-- WHAT YOU WILL DO --
Repeat all entries word for word; skip images.
--- PROVIDED RECORDS ---
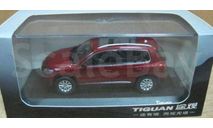 VW TIGUAN 2011, масштабная модель, scale43, Volkswagen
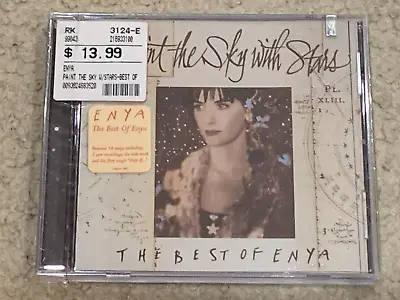 Paint The Sky With Stars: The Best Of Enya By Enya (CD 1997 Reprise) New Sealed • $9.99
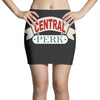 central perk Mini Skirts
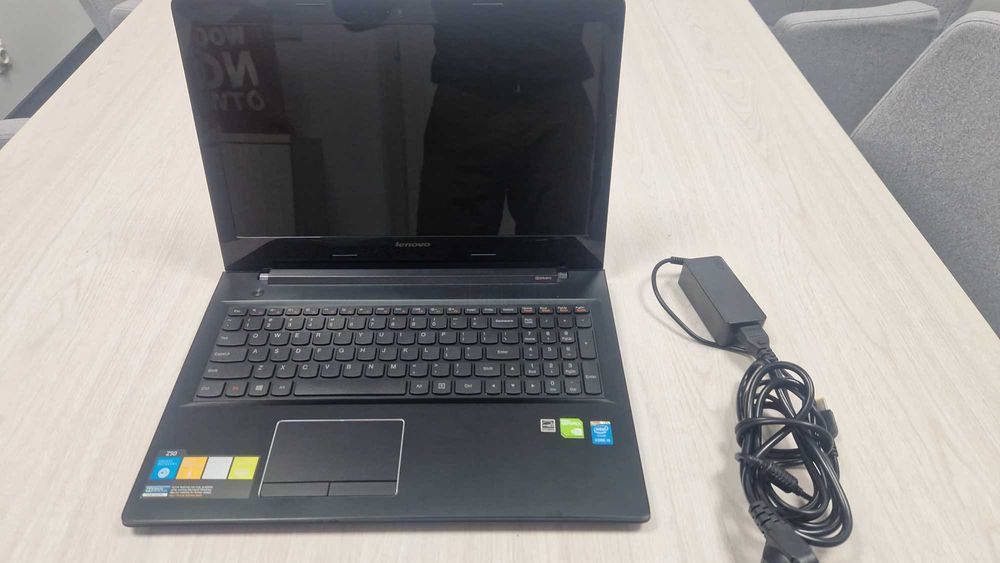 ZESTAW Win 11 Home Lenovo Laptop Z50-70 i5-4210U 8GB GT840 2GB 256SSD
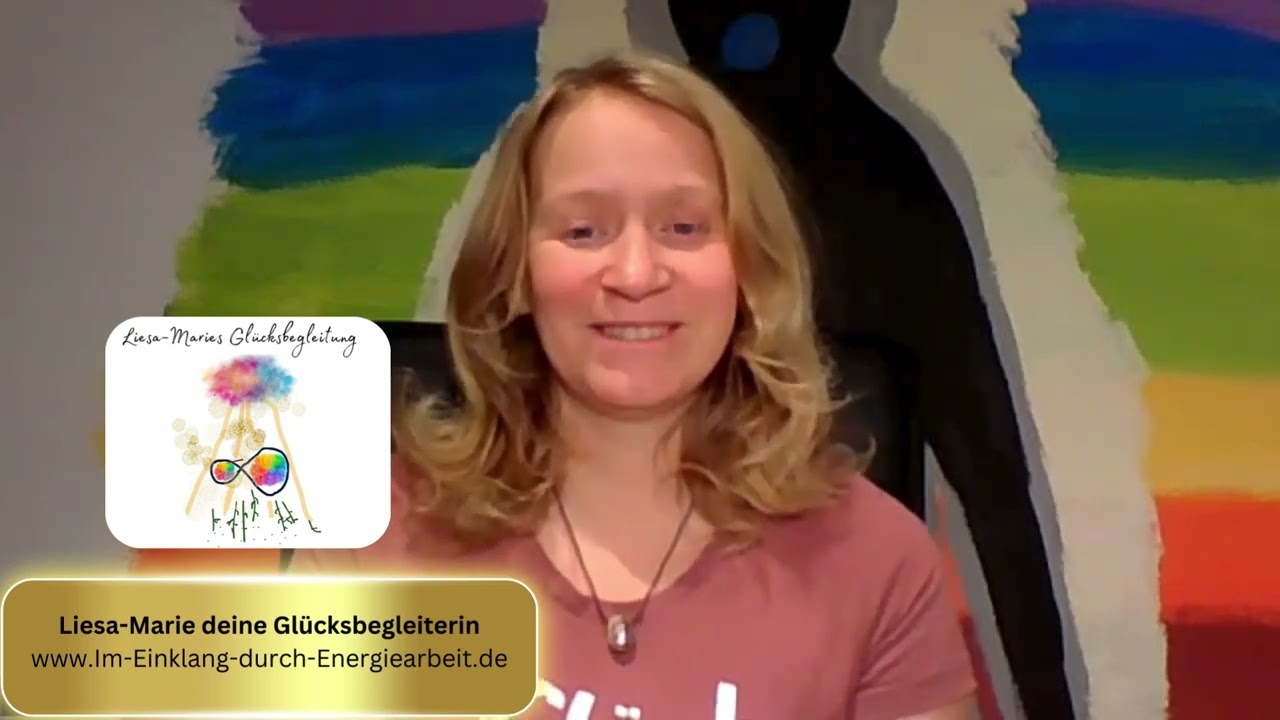 Ich stelle mich vor und meine Projekte und eine Energieanwendung Kanal Reinigung und Liebe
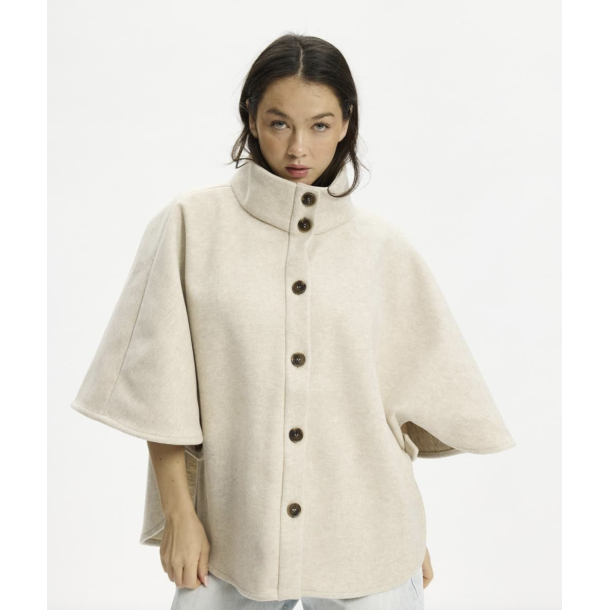 Kopenhagen - Hisla Poncho - Birch
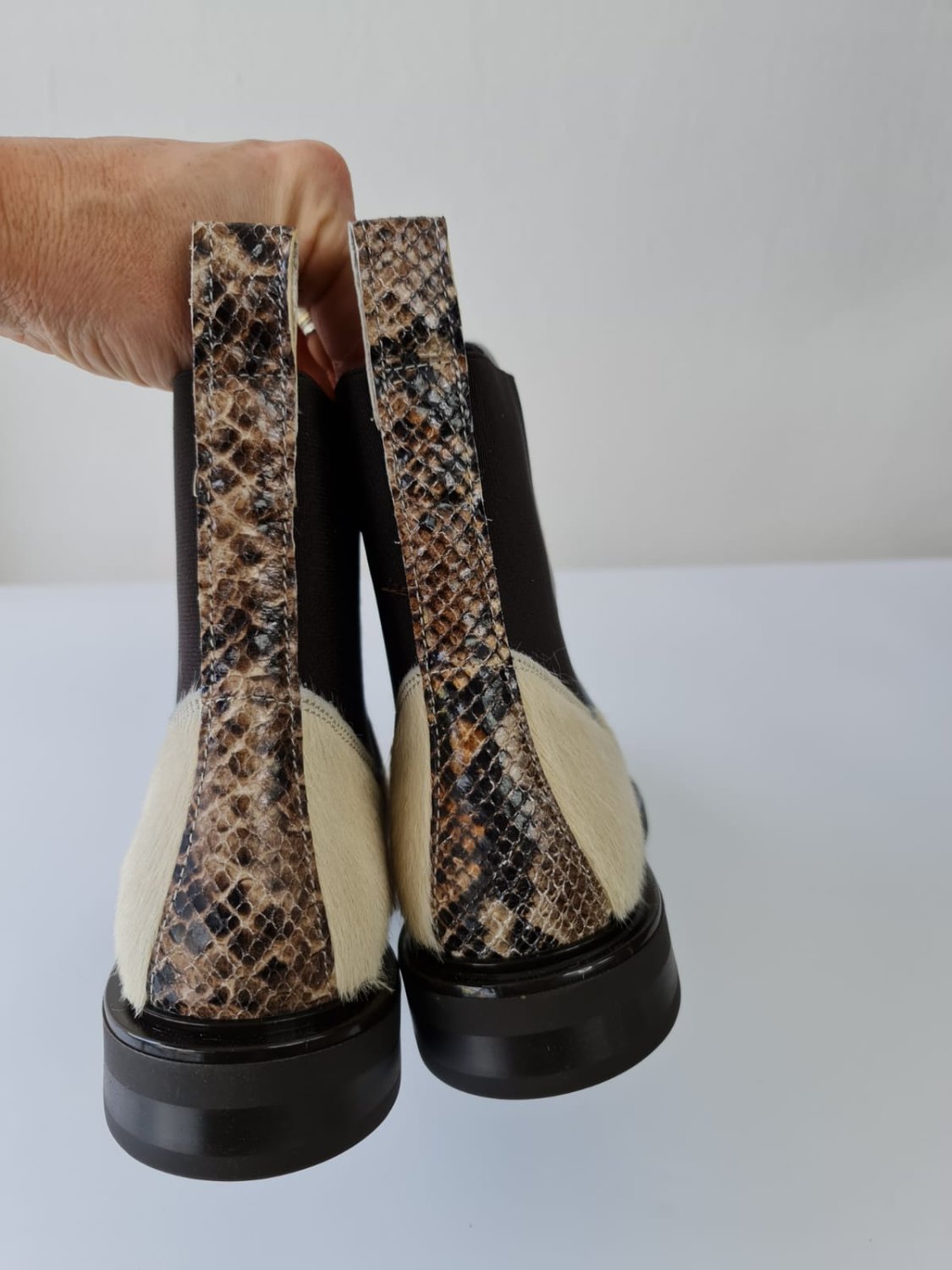 náhled Módní obuv Scotch&Soda Hailey 23758474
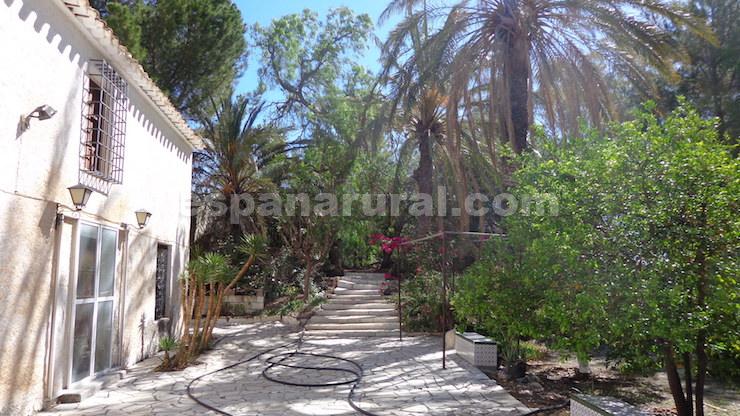 Hus i Partaloa, Almeria, Spanien 5 sovrum, 300 kvm. Nr. 102264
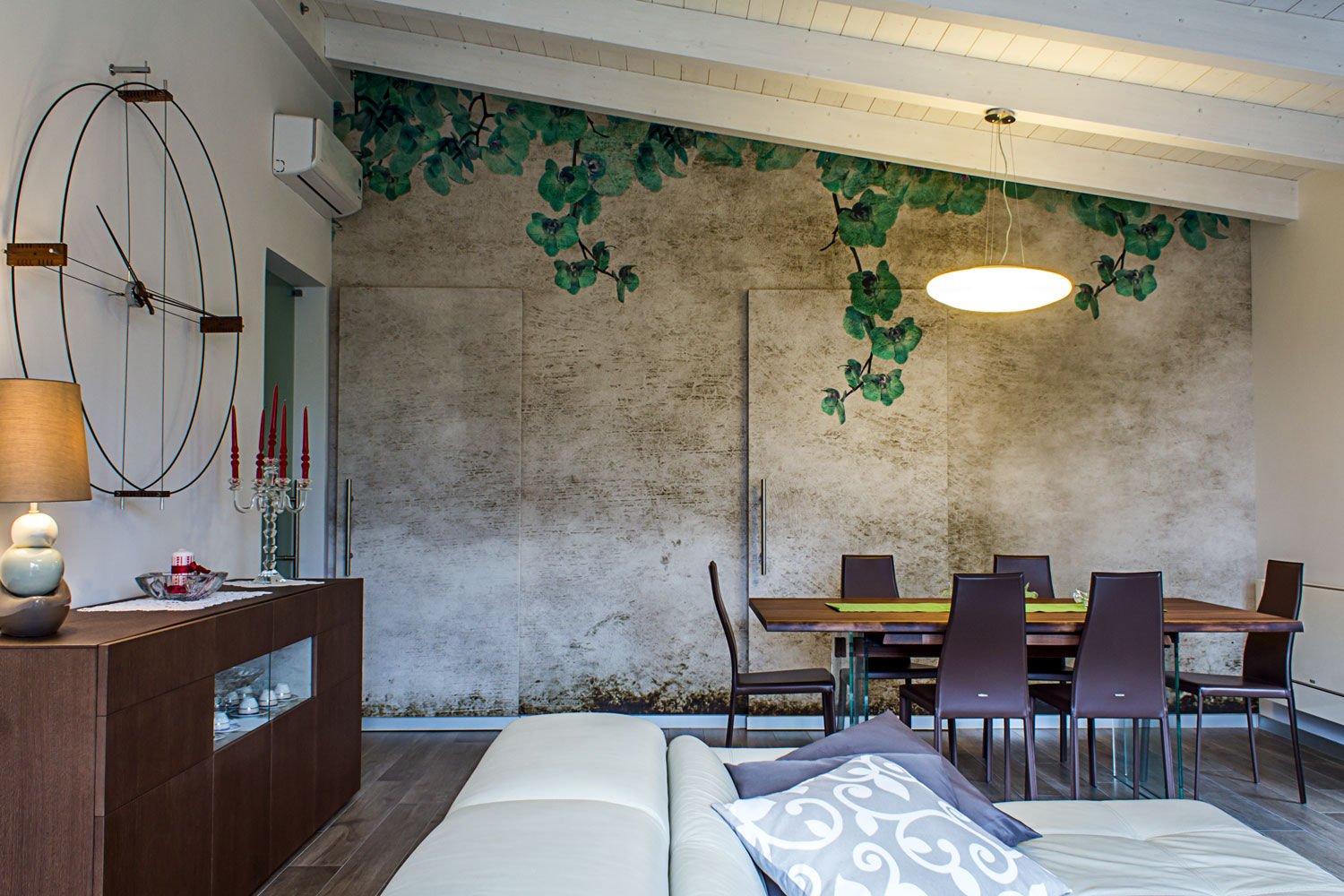 a casa di Giovanni e Alba, yesHome yesHome Modern dining room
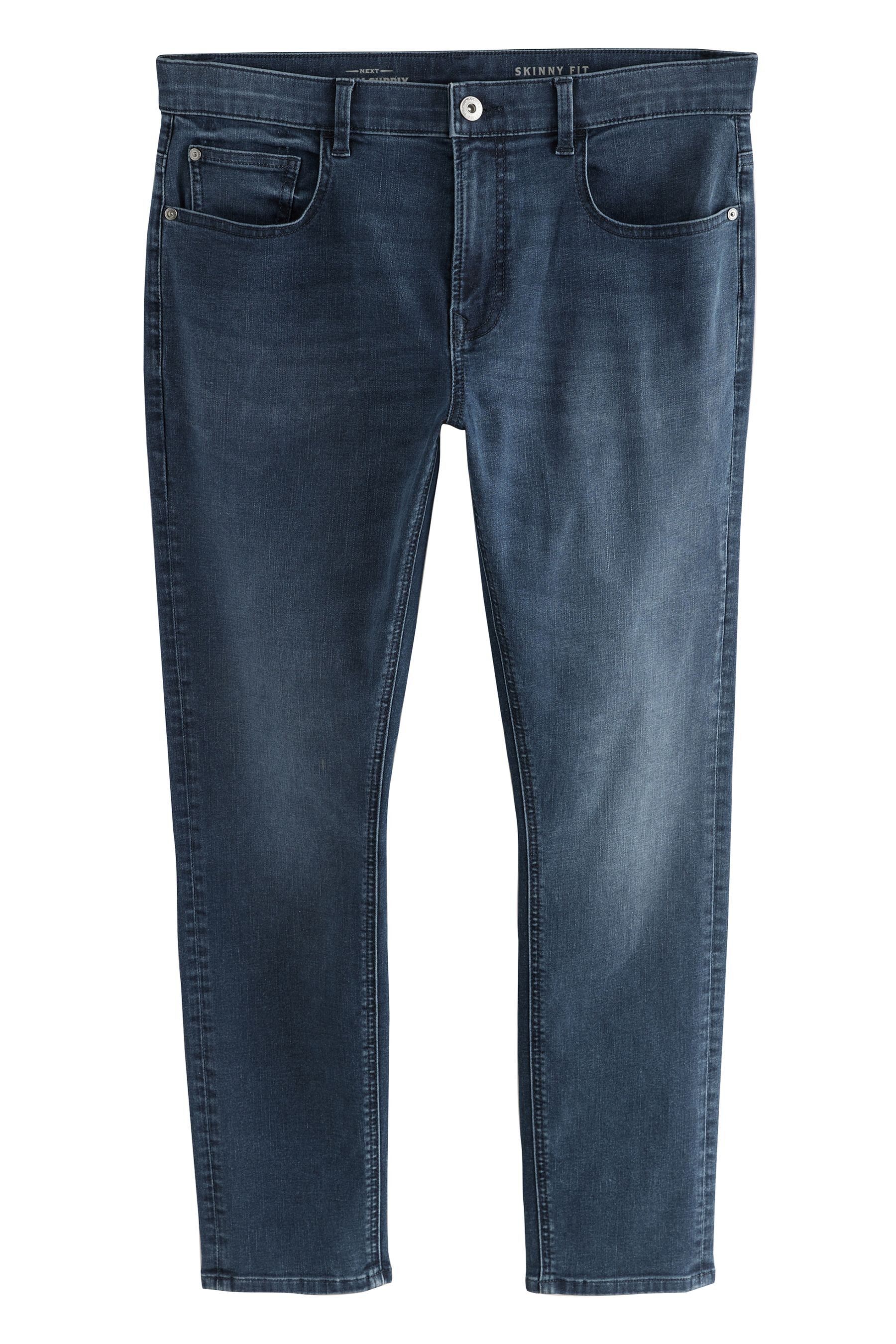 Next Skinny-fit-Jeans Skinny Fit Essential Jeans günstig online kaufen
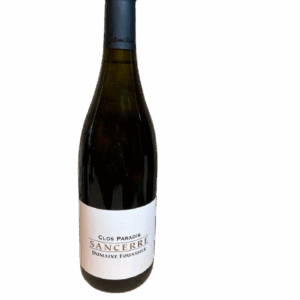 Loire Blanc Domaine Fouassier Sancerre "Clos Paradis" 2023 75 cl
---
-- ANSWER --
 VW TIGUAN 2011, масштабная модель, scale43, Volkswagen
 Paint The Sky With Stars: The Best Of Enya By Enya (CD 1997 Reprise) New Sealed • $9.99
 central perk Mini Skirts
 ZESTAW Win 11 Home Lenovo Laptop Z50-70 i5-4210U 8GB GT840 2GB 256SSD
 Ich stelle mich vor und meine Projekte und eine Energieanwendung Kanal Reinigung und Liebe
 Kopenhagen - Hisla Poncho - Birch
 náhled Módní obuv Scotch&Soda Hailey 23758474
 Hus i Partaloa, Almeria, Spanien 5 sovrum, 300 kvm. Nr. 102264
 a casa di Giovanni e Alba, yesHome yesHome Modern dining room
 Next Skinny-fit-Jeans Skinny Fit Essential Jeans günstig online kaufen
 Loire Blanc Domaine Fouassier Sancerre "Clos Paradis" 2023 75 cl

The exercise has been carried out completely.